- DATA
>>

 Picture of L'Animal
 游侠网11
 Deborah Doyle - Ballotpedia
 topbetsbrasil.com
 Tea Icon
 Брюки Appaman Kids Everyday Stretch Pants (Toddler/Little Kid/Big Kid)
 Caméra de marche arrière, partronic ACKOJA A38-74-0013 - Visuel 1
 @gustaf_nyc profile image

<<
>>

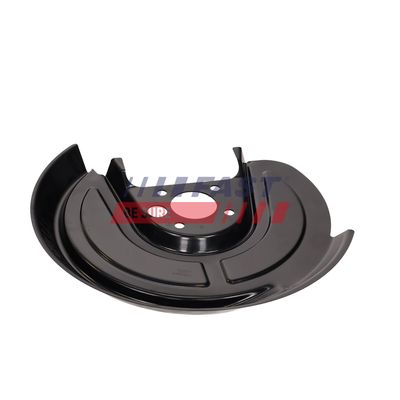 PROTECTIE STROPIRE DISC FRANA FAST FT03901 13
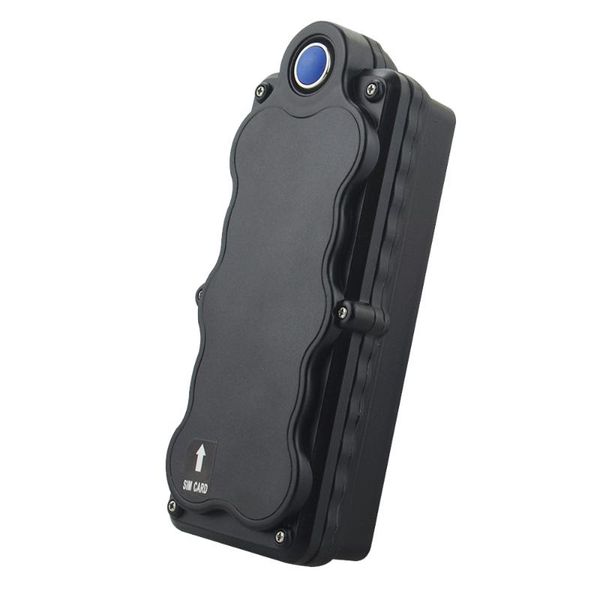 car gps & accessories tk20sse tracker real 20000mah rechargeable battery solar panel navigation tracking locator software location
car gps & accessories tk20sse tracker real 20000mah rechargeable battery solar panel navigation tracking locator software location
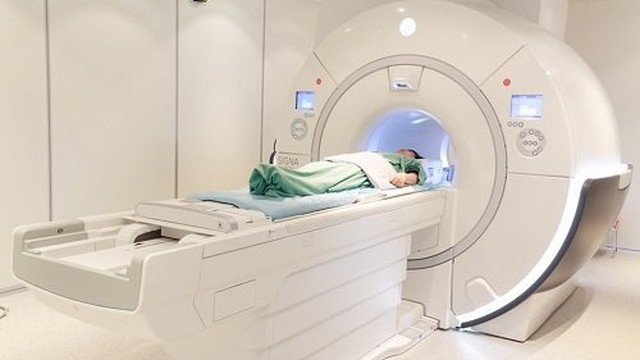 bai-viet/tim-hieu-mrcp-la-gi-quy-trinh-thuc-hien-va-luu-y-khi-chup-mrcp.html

<<
>>

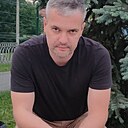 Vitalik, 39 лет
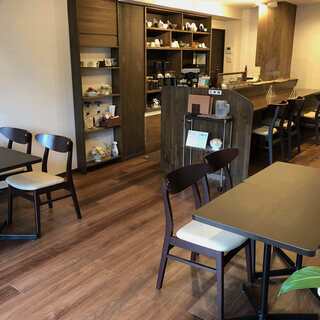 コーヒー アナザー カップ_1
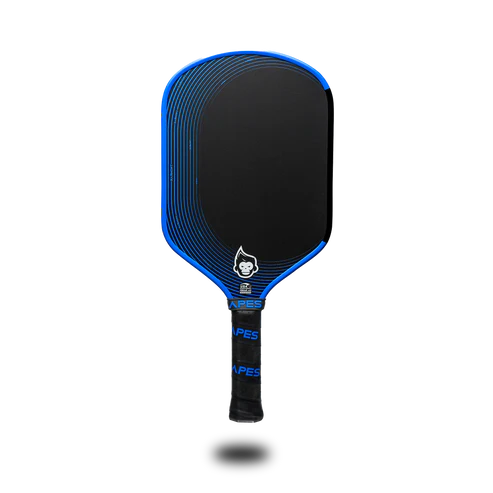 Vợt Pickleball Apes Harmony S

<<

After locating the line containing "Vitalik, 39 лет" in the entries above, return it and every line after it exactly, ending at the line containing "Vợt Pickleball Apes Harmony S", without pictures.

- OUTPUT FOR THIS TASK
 Vitalik, 39 лет
 コーヒー アナザー カップ_1
 Vợt Pickleball Apes Harmony S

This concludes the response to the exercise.